Sono trascorsi nove anni dall’inizio della guerra civile in Siria, che avrebbe provocato fino a 700.000 morti. E tra chi è rimasto vivo, il tasso di povertà sfiorerebbe il 90%. La vittoria sull’ISIS sembrava aver sottratto il presidente Bashar al-Assad al rischio di deposizione, ma il dittatore non aveva fatto i conti con l’attuale crisi dell’economia, un po’ conseguenza di eventi sfuggenti al suo controllo, tanto da essere stato costretto nei giorni scorsi a licenziare il premier Imad Khamis.
In previsione dell’embargo, nelle ultime settimane la lira siriana è letteralmente collassata, segnando sul mercato nero circa -70% contro il dollaro e scambiando a 3.500, nel corso della settimana scorsa, quando ne bastavano sui 1.345 in aprile e meno di 1.000 alla fine dello scorso anno. Dai minimi toccati nei giorni passati, sembrerebbe che il cambio si sia un po’ ripreso, attestandosi in area 2.600 contro il dollaro, ma falcidiando in ogni caso i redditi già provati da lunghi anni di guerra e distruzione. Si consideri, poi, che al cambio ufficiale un dollaro varrebbe ancora solamente 526 lire.
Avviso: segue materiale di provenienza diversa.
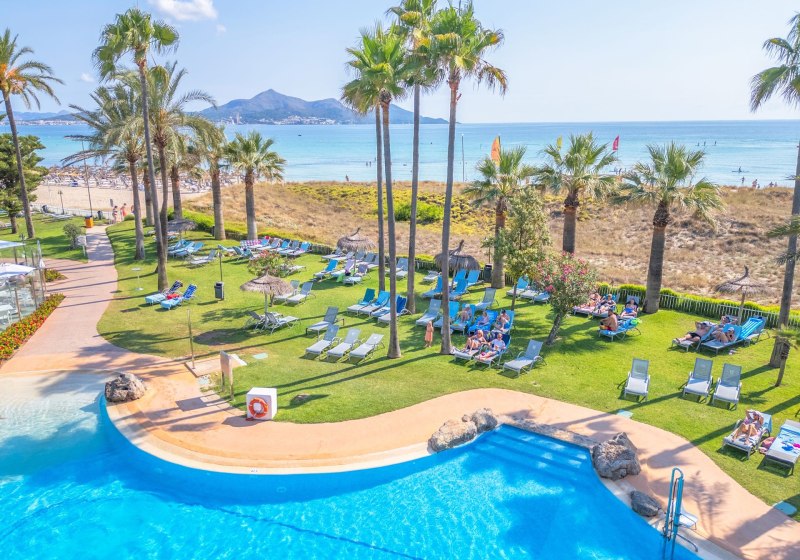 Ausstattung & Service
La situazione è diventata così esplosiva, che nel sud della Siria si sono registrate proteste contro il presidente, il cui nome è stato maledetto dalla folla come non accadeva ormai da anni. E nel nord, dove stanziano le truppe di Ankara, la lira turca ha sostituito la valuta locale nella fissazione dei prezzi. Ad Idlib, il Governo di Salvezza ha imposto un tetto di 2 lire turche per ogni pagnotta di pane e qualche stazione di servizio ha iniziato ufficialmente a indicare i prezzi nella valuta turca, il segno evidente che ormai si ragioni agganciandosi alle valute straniere e che la Turchia stia sfruttando al situazione per imporre il controllo su parti del territorio siriano.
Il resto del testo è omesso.